At the end of the sitting I immediately went to the camera and found, beside it, the protective cover and one film beneath it. (See Plate 2) It was clearly much more detailed than just an arbitrary splash of colour, and seemed to me to bear some resemblance to an Aubrey Beardsley-like floating image of an elegant, slim and gaudily attired woman with an extravagant fan or flounce. Only later did I discern towards the base left an image of what appears to be an owl or similar bird in flight. However, it did not resemble MW.

For the second sitting, the same camera with its partly-used contents was used, and the lens obscured by sealing tape. MW told us that some of the films in the cassette used for the first sitting had been developed during a visit by the group to Dortmund, where several rather similar pictures were said to have been produced. I have retained copies of them. All the films have some common features: highly coloured, some very detailed, largely but not entirely abstract, and with substantial areas of olive-green.

Before the séance, I expelled a blank film from this cassette as a control, and noted its identification number on this frame to ensure that, after taking account of the Dortmund pictures, the code number would match that on the bird picture produced at the first sitting. It did.
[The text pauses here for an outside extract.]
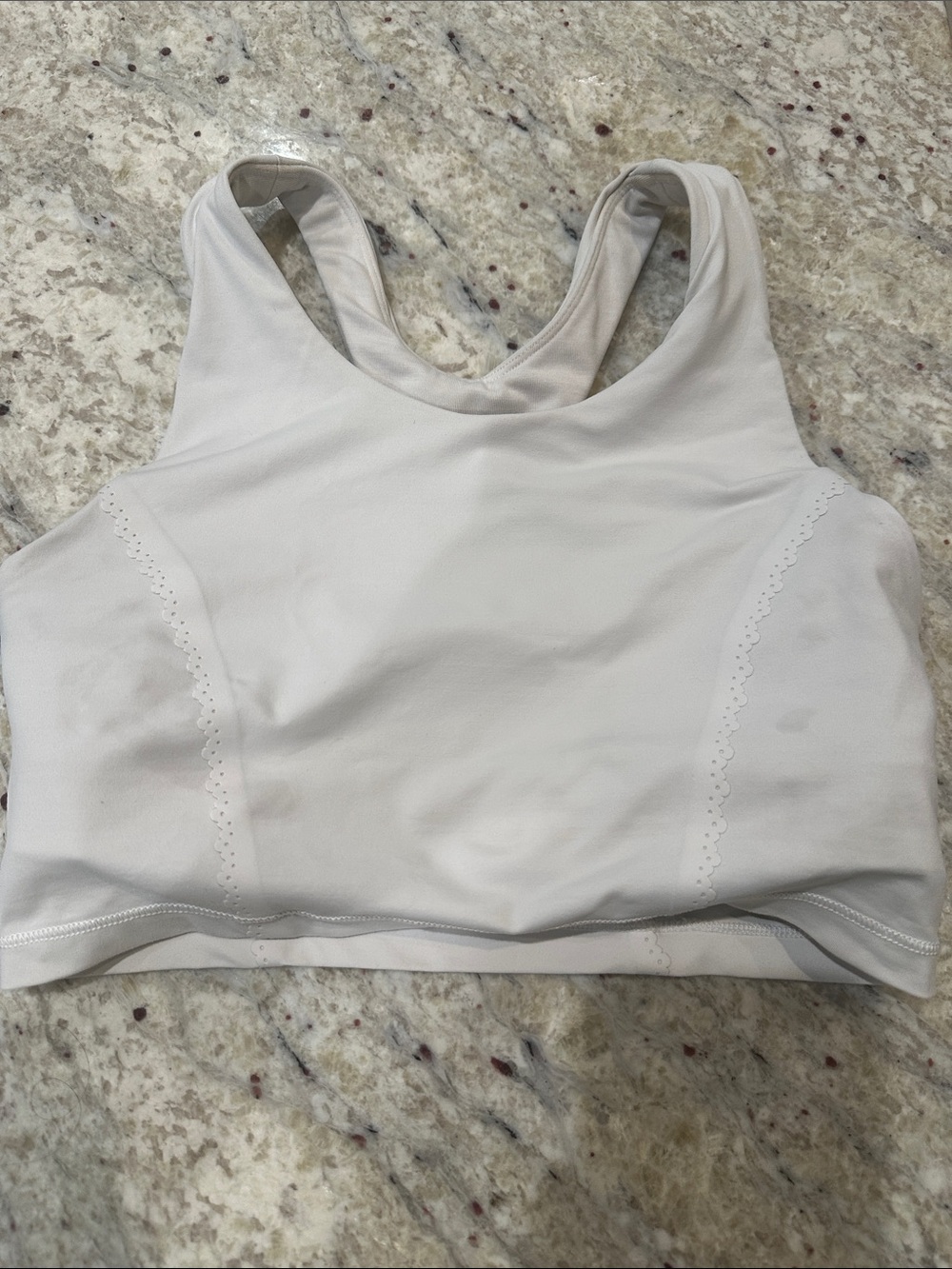 Lululemon white sport bra size 6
Peter Flew, who had sat with the Group on a number of occasions, observed me.

There were no luminous identification tabs on or around the camera which might have enabled anyone during the séance to locate its whereabouts in total darkness. During the sitting, after MW had asked for pictures to be made, we heard the sound of two film plates being withdrawn, a distinctive and readily audible operation. After the sitting I asked the three members of the Group (i.e. MW, NR and D, the medium) to remain seated so that I could ensure that none of the objects which might have been influenced by them or worked on during the sitting were touched by them. On visiting the camera I could at first see nothing amiss until Peter Flew drew my attention to the side table immediately adjacent to the position of the camera, where we found two developed pictures, both highly ornate and colourful, and both in sequence. (Plates 3 and 4). I again expelled a control to check the sequence of numbers and to ensure that the film was unexposed, and hence black. It was. I then removed the cassette to satisfy myself that my original mark was on it.

There was one unusual feature of the control film during this second sitting which was not apparent on the succeeding occasion: it began to develop an image, watched by most of those present. The image appeared first to be an impression of grained wood, but was gradually seen to be cathedral-like. I did not myself see any further progression than this, because I was occupied elsewhere, but I was told that some human image had begun to emerge also. Then it began to fade, and was soon reduced to a black film, although retaining some iridescence. To double-check the correct sequence, and discover whether this effect might be repeated, I pulled out a second control film. This remained completely black. Of the two films produced at this sitting, by far the more important evidentially was the defective plate, where the developing liquid failed to spread itself over the entire surface. I comment on this in some detail later.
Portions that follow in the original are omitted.